Set down, word for word, every line of the material below from the one containing "低风险股票实战训练营：低估分" through the one containing "trendyol Kiremit Regular", but none of its pictures.

Exercise materials:
━━━━━━━━━━━━━━━━

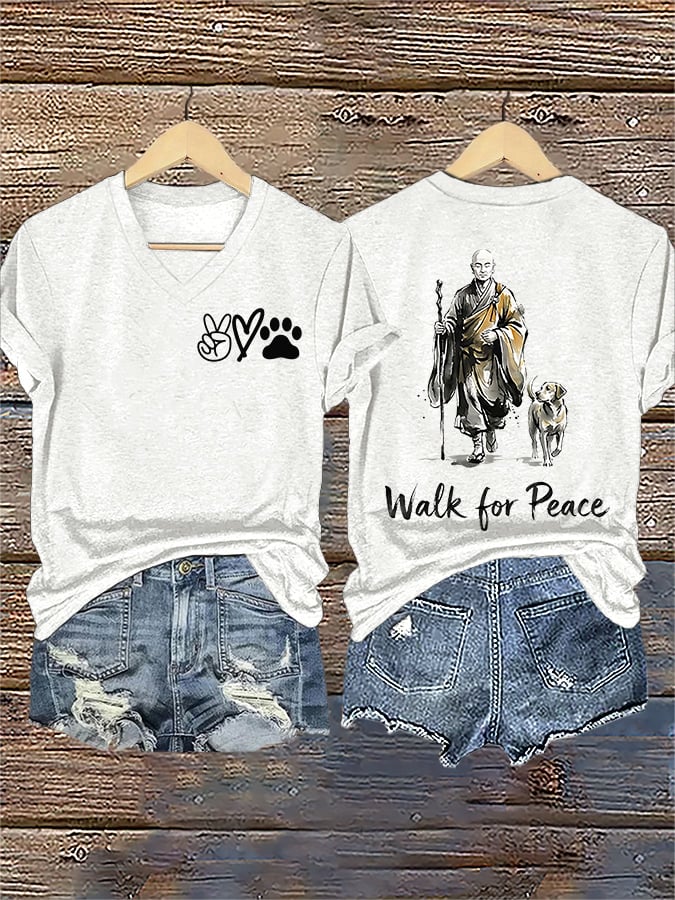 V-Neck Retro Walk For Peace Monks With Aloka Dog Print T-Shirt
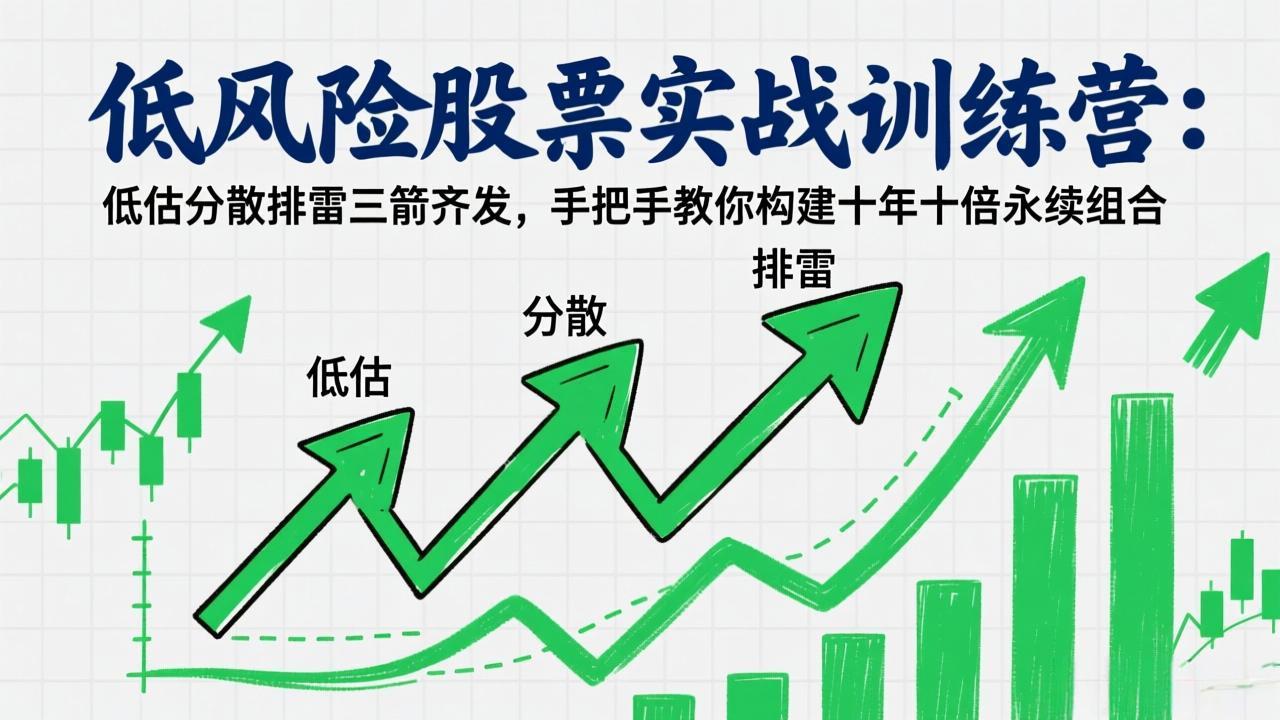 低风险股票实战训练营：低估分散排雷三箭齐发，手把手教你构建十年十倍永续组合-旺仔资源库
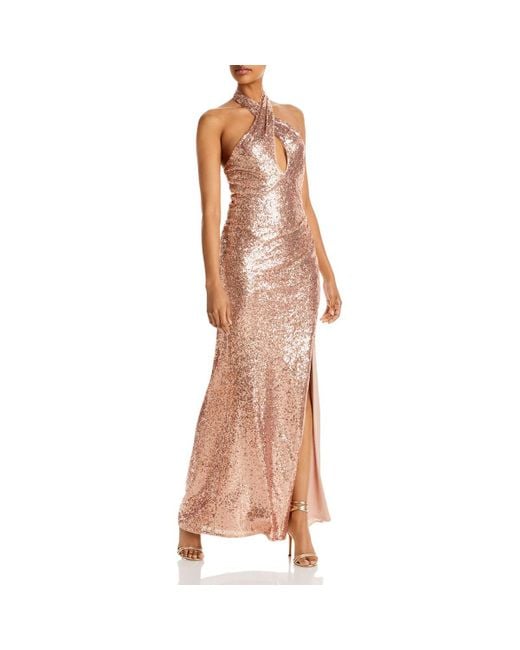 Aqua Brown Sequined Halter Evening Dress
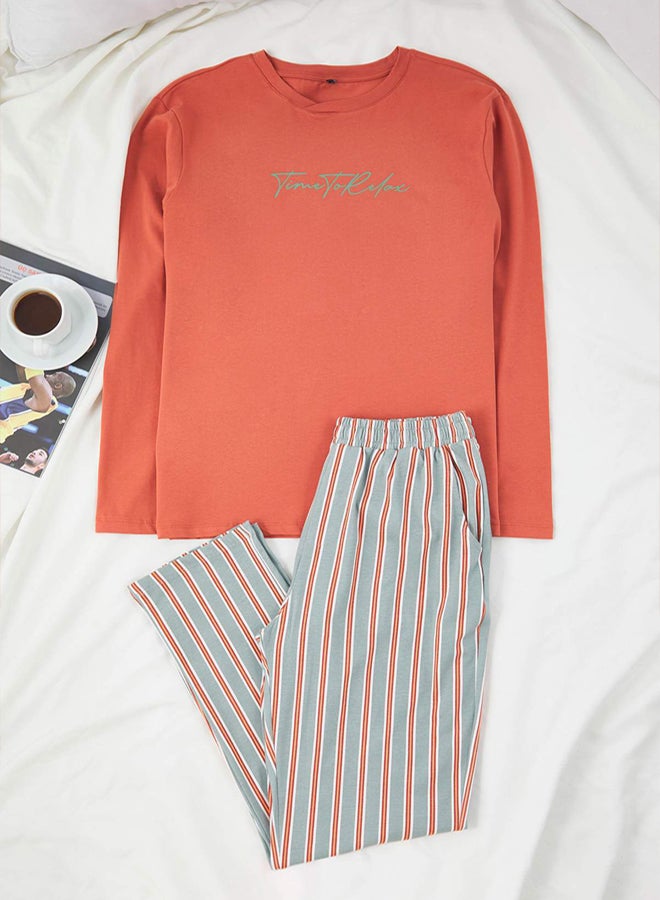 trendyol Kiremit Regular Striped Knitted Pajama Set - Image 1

━━━━━━━━━━━━━━━━

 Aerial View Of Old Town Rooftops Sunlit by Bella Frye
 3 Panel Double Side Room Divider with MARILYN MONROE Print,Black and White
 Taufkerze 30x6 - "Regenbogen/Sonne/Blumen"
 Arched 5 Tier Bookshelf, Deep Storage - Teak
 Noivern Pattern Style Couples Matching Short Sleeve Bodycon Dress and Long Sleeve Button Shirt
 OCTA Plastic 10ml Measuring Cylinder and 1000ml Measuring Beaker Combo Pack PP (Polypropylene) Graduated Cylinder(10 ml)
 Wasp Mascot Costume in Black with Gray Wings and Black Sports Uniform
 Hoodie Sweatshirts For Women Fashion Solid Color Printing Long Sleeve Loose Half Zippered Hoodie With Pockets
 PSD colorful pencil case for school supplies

━━━━━━━━━━━━━━━━

Solution for this exercise:
 低风险股票实战训练营：低估分散排雷三箭齐发，手把手教你构建十年十倍永续组合-旺仔资源库
 Aqua Brown Sequined Halter Evening Dress
 trendyol Kiremit Regular Striped Knitted Pajama Set - Image 1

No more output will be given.